WHAT YOU NEED TO DO:
Give the lines below again exactly, starting with the line that holds "スズキ ジムニー シエラ" and going on through the line that holds "Puerto Del Carmen Sleeps 4 Pool Wifi Вилла".

☆ ☆ ☆ ☆ ☆

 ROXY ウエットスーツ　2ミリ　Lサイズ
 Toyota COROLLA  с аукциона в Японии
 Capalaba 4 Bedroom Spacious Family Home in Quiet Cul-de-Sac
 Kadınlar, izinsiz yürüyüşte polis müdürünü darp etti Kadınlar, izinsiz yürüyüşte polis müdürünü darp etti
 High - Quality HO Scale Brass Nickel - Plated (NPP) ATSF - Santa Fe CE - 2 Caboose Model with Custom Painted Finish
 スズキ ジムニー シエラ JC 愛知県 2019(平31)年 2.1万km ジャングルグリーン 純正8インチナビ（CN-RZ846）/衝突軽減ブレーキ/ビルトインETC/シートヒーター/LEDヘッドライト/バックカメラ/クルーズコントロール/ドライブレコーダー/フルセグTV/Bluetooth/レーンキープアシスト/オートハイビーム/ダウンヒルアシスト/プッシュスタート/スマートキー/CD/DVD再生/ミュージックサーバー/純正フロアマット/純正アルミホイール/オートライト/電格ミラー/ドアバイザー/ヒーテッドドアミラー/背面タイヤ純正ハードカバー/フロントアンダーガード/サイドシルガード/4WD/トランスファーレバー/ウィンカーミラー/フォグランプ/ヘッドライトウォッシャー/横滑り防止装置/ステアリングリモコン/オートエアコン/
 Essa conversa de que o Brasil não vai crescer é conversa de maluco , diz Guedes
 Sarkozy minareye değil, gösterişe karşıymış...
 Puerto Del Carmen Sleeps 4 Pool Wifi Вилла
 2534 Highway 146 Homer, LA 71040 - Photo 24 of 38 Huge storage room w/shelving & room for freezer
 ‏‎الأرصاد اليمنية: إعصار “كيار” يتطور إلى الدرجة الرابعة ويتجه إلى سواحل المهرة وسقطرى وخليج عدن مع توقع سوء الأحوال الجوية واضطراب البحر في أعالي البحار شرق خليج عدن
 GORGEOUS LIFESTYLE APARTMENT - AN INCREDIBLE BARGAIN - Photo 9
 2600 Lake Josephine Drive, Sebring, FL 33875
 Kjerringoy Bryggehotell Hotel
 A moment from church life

☆ ☆ ☆ ☆ ☆

EXPECTED ANSWER:
 スズキ ジムニー シエラ JC 愛知県 2019(平31)年 2.1万km ジャングルグリーン 純正8インチナビ（CN-RZ846）/衝突軽減ブレーキ/ビルトインETC/シートヒーター/LEDヘッドライト/バックカメラ/クルーズコントロール/ドライブレコーダー/フルセグTV/Bluetooth/レーンキープアシスト/オートハイビーム/ダウンヒルアシスト/プッシュスタート/スマートキー/CD/DVD再生/ミュージックサーバー/純正フロアマット/純正アルミホイール/オートライト/電格ミラー/ドアバイザー/ヒーテッドドアミラー/背面タイヤ純正ハードカバー/フロントアンダーガード/サイドシルガード/4WD/トランスファーレバー/ウィンカーミラー/フォグランプ/ヘッドライトウォッシャー/横滑り防止装置/ステアリングリモコン/オートエアコン/
 Essa conversa de que o Brasil não vai crescer é conversa de maluco , diz Guedes
 Sarkozy minareye değil, gösterişe karşıymış...
 Puerto Del Carmen Sleeps 4 Pool Wifi Вилла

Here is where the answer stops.